Subject-specific maximum entropy model of resting state fMRI shows diagnostically distinct patterns of energy state distributions.

Existing neuroimaging studies of psychotic and mood disorders have reported regional brain activation differences (first-order properties) and alterations in functional connectivity based on pairwise correlations in activation (second-order properties). This study used a generalized Ising model, also called a pairwise maximum entropy model (MEM), to integrate first- and second-order properties to provide a comprehensive picture of BOLD patterns and a system-wide summary measure called energy. This study examines the usefulness of individual level MEMs, attempts to identify image-derived counterparts of the model, and explores potential applications to psychiatry.
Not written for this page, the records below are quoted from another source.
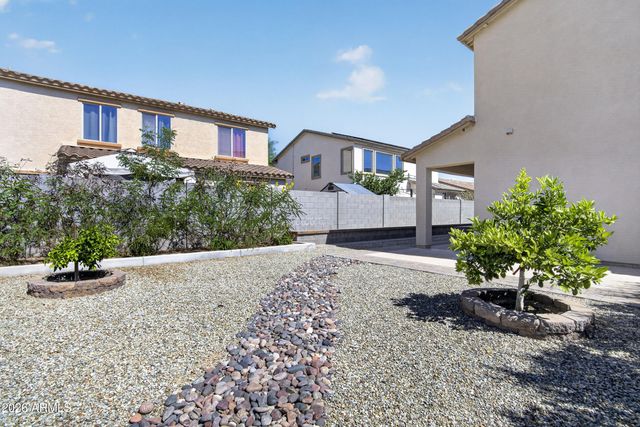 2513 S POWELL Road, Apache Junction, AZ 85119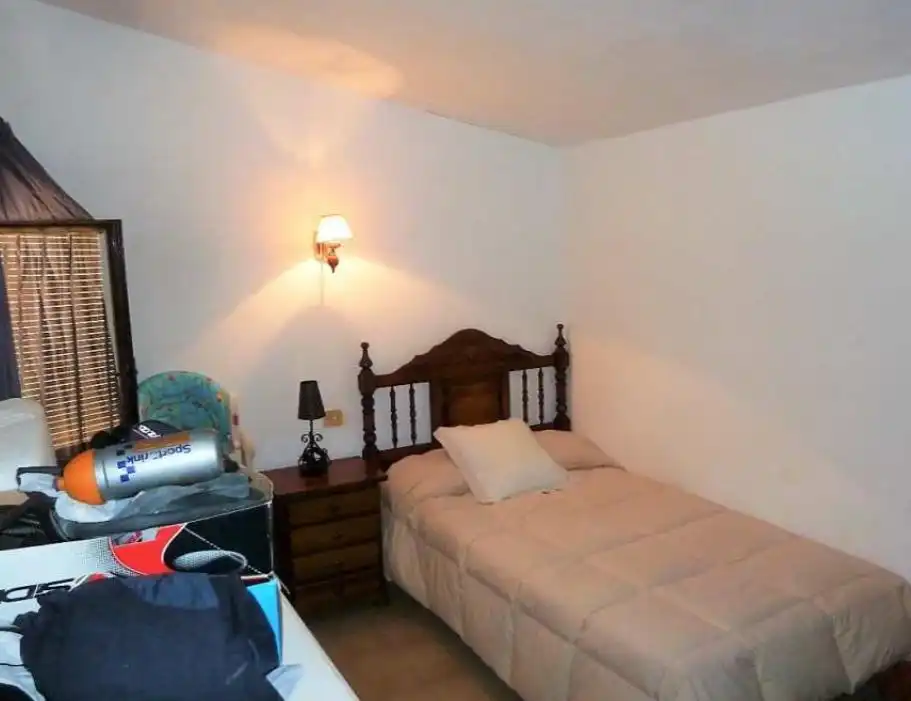 Bedroom of Houses for sale in L'Alfàs del Pi  with Air Conditioner, Terrace and Swimming Pool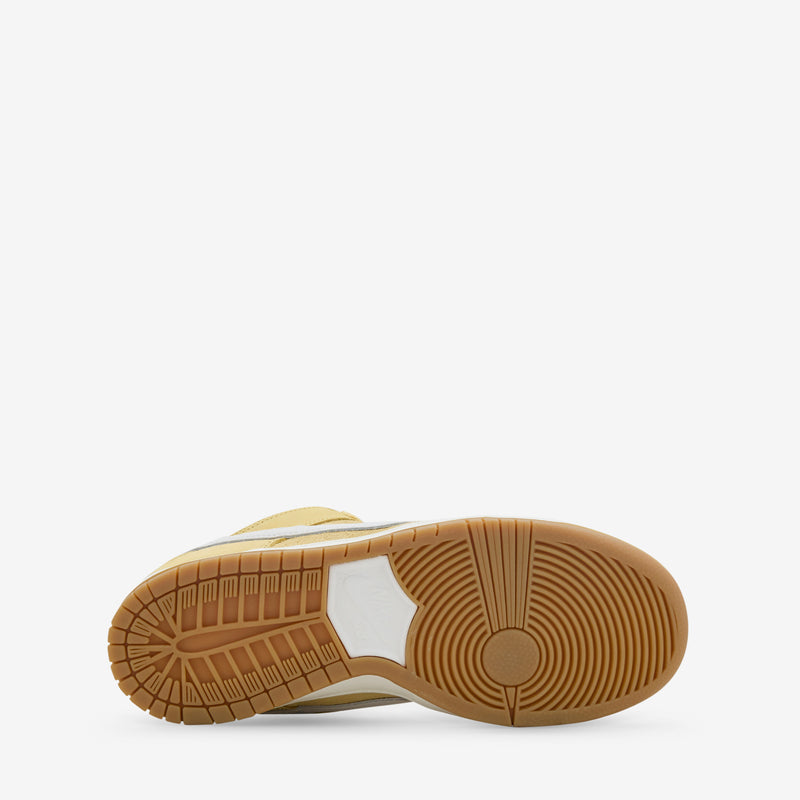 SB Dunk Low Pro Saturn Gold | Saturn Gold | Solar Flare | Sail Footwear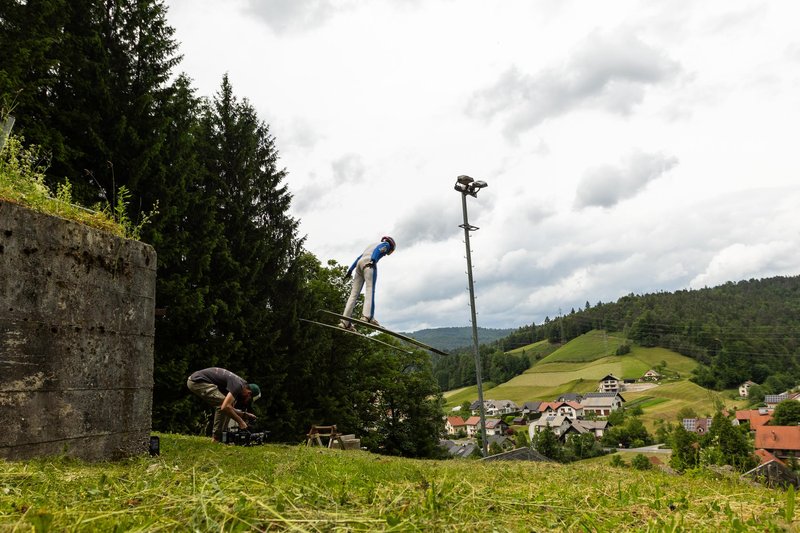Jernej Kumer iz skakalnega kluba Žiri o ključni vlogi športa pri mladih: "S športom se mladi razvijajo na vseh področjih."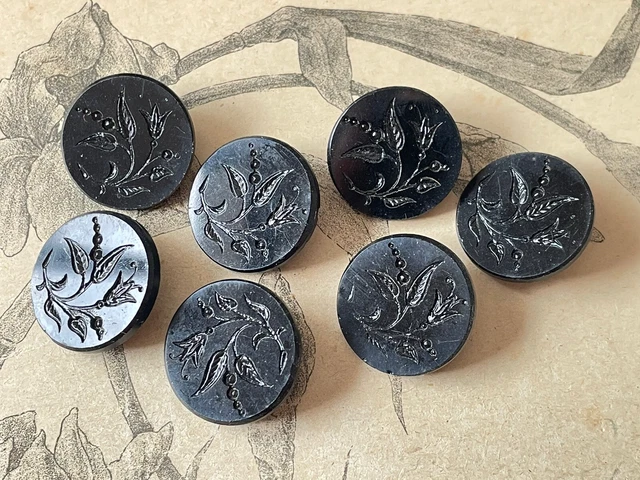 Ensemble de 7 boutons anciens en verre noir  Décor de fleurs  Fin XIXe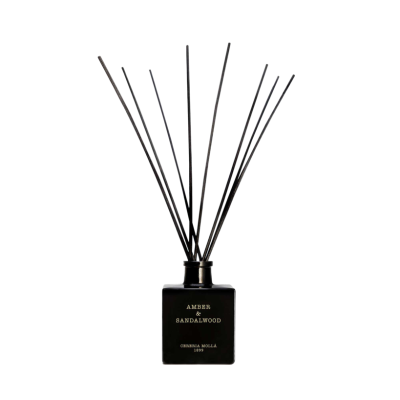 Difusor de aromas âmbar e sândalo com frasco negro e varetas finas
MEMs are fit to resting state fMRI data of each individual of a sample of 132 participants consisting of schizophrenia/schizoaffective disorder, bipolar disorder, and major depression, and a demographically matched 132 participants without these diagnoses from the UK Biobank to examine the default mode network (DMN). The model explained observed brain state occurrence probabilities well across all participants, and model parameters were highly correlated to image-derived parameters for all groups. Within clinical groups, schizophrenia/schizoaffective disorder and bipolar disorder patients showed significant differences in averaged energy distribution compared to controls for all sub-systems of the DMN except for depression, where differences in the energy distributions were only detected in the DMN of the regions from the right hemisphere. Subject-specific Ising modeling may offer an improved measure of biological functional correlates relative to traditional approaches. The observation of distinct patterns of energy distribution among the three clinical groups compared to controls suggests relative diagnostic specificity and potential for clinical translation.